戦いのときはあんなに凛々しいのに、こういう話題だと初心なんだな……。
そんなところも可愛らしいと感じる。
あれ?
俺、ヴィラのこと――自然と『可愛い』って思えるようになってるな。
「じゃあ、二人っきりのときは普通に話すね」
今がヴィラにとっての『普通』ということは、やっぱり『魔王モード』のときは意図的にああいう口調にしてるんだな。

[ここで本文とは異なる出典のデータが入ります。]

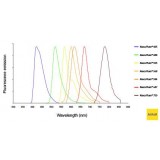 Антитела IgG H&L козы к антителам кролика, поликлональные, меченные Alexa Fluor 647, Abcam, ab181474-50мкл_промо, 50 мкл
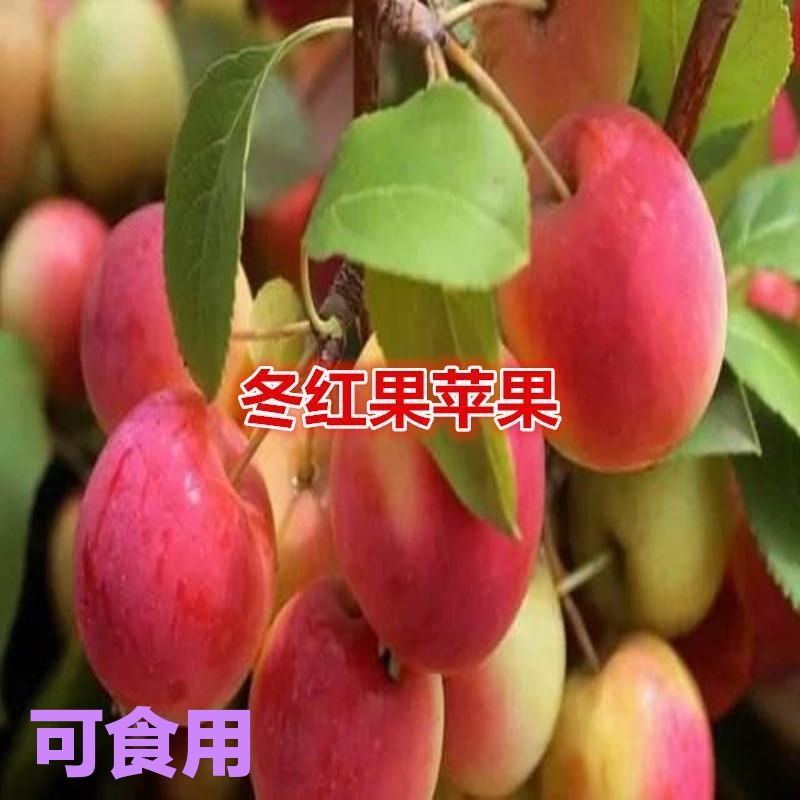冬红果耐旱海棠树苗盆景果树观赏海棠盆栽地栽当年结果耐寒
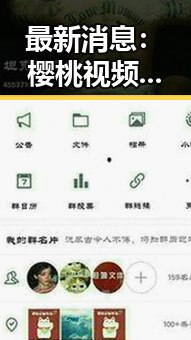 最新消息：樱桃视频官方版下载带你轻松掌握娱乐新动态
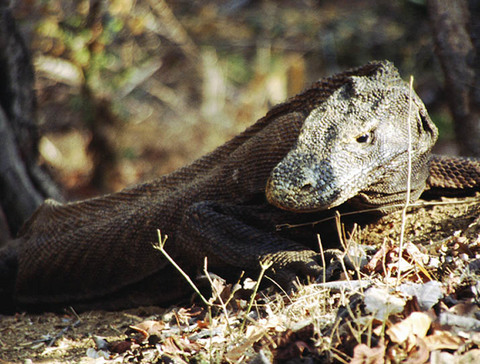 komodo - komodo dragon.jpg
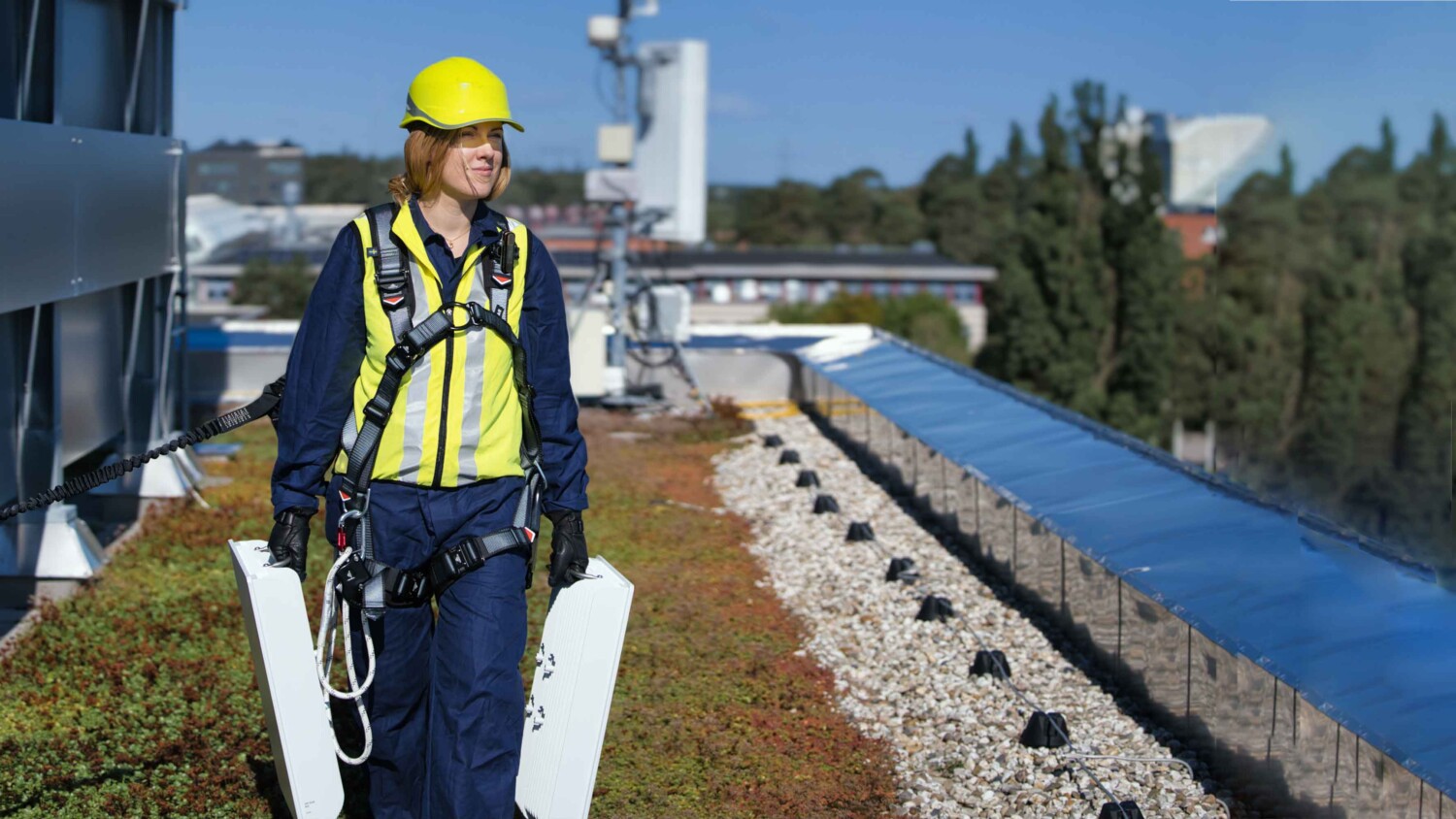 Massive MIMO spectrum efficiency everywhere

「でも、恥ずかしいから、他の人の目をちょっとでも感じたら、魔王の話し方に戻すからね」
「ああ、分かった」
俺はにっこりとうなずく。
「……シオン、妙に嬉しそうじゃない? やっぱり変かな、あたし……?」
「そうじゃないよ。さっきも言った通り、可愛いなって思って」
……いかん、これだとまたお互いが照れるループだな。
「もう、シオンったら」
ヴィラがはにかんだように笑った。
「他にも相談したいことがあるんだけど、とりあえずコーヒーブレイクにしない?」
「いいな」
「じゃあ、あたしが淹れるね。ささ、どうぞ」
俺はテーブルへと案内された。
ヴィラが淹れてくれるコーヒーはものすごく美味しいからな。
楽しみだ。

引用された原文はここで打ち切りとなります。